Optimistic mirror descent in saddle-point problems: Going the extra (gradient) mile
Panayotis Mertikopoulos, Bruno Lecouat, Houssam Zenati, Chuan-Sheng Foo, Vijay Chandrasekhar, Georgios Piliouras
TL;DR
The paper analyzes convergence of first-order methods for non-monotone saddle-point problems by introducing the coherence property, linking SPs to variational inequalities. It shows vanilla mirror descent can diverge under null coherence, while optimistic mirror descent with an extra-gradient step achieves convergence across coherent problems, including stochastic settings. The authors develop a comprehensive convergence theory for MD and OMD and validate predictions with GAN experiments on Gaussian mixtures, CelebA, and CIFAR-10, demonstrating stability improvements.

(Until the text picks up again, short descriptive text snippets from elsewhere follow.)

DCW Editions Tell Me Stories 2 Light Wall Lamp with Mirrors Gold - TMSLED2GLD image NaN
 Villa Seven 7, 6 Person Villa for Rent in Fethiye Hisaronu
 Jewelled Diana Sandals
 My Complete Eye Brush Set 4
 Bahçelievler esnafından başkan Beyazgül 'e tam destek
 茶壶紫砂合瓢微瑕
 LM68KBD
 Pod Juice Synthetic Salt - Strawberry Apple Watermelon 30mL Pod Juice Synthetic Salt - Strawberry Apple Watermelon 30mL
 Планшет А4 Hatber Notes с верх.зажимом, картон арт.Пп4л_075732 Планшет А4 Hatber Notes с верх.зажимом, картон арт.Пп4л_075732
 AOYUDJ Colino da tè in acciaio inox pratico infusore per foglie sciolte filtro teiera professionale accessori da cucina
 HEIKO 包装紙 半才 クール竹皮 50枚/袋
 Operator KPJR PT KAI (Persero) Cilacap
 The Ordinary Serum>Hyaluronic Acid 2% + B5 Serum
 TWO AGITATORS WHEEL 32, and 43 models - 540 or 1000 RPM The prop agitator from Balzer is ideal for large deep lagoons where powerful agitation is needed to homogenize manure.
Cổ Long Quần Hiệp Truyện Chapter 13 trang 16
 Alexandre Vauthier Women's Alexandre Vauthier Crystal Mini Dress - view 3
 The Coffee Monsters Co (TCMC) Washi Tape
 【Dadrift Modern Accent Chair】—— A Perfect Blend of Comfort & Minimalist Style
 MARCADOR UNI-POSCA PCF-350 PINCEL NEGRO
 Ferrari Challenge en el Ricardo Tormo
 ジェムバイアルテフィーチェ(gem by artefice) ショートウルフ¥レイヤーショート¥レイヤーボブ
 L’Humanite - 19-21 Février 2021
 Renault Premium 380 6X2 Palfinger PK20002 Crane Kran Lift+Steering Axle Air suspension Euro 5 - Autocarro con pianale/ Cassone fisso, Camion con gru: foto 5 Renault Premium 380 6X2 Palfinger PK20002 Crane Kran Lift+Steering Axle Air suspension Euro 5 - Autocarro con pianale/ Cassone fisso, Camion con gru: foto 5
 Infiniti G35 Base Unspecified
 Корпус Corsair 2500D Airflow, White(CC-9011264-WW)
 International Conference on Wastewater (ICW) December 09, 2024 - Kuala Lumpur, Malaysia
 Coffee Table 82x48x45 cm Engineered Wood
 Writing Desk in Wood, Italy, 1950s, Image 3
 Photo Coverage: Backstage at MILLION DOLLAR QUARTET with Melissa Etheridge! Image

The work provides principled, implementable guidance for training GANs and other non-monotone SPs, suggesting optimism as a practical stabilizer.
Abstract
Owing to their connection with generative adversarial networks (GANs), saddle-point problems have recently attracted considerable interest in machine learning and beyond. By necessity, most theoretical guarantees revolve around convex-concave (or even linear) problems; however, making theoretical inroads towards efficient GAN training depends crucially on moving beyond this classic framework. To make piecemeal progress along these lines, we analyze the behavior of mirror descent (MD) in a class of non-monotone problems whose solutions coincide with those of a naturally associated variational inequality - a property which we call coherence. We first show that ordinary, "vanilla" MD converges under a strict version of this condition, but not otherwise; in particular, it may fail to converge even in bilinear models with a unique solution. We then show that this deficiency is mitigated by optimism: by taking an "extra-gradient" step, optimistic mirror descent (OMD) converges in all coherent problems. Our analysis generalizes and extends the results of Daskalakis et al. (2018) for optimistic gradient descent (OGD) in bilinear problems, and makes concrete headway for establishing convergence beyond convex-concave games. We also provide stochastic analogues of these results, and we validate our analysis by numerical experiments in a wide array of GAN models (including Gaussian mixture models, as well as the CelebA and CIFAR-10 datasets).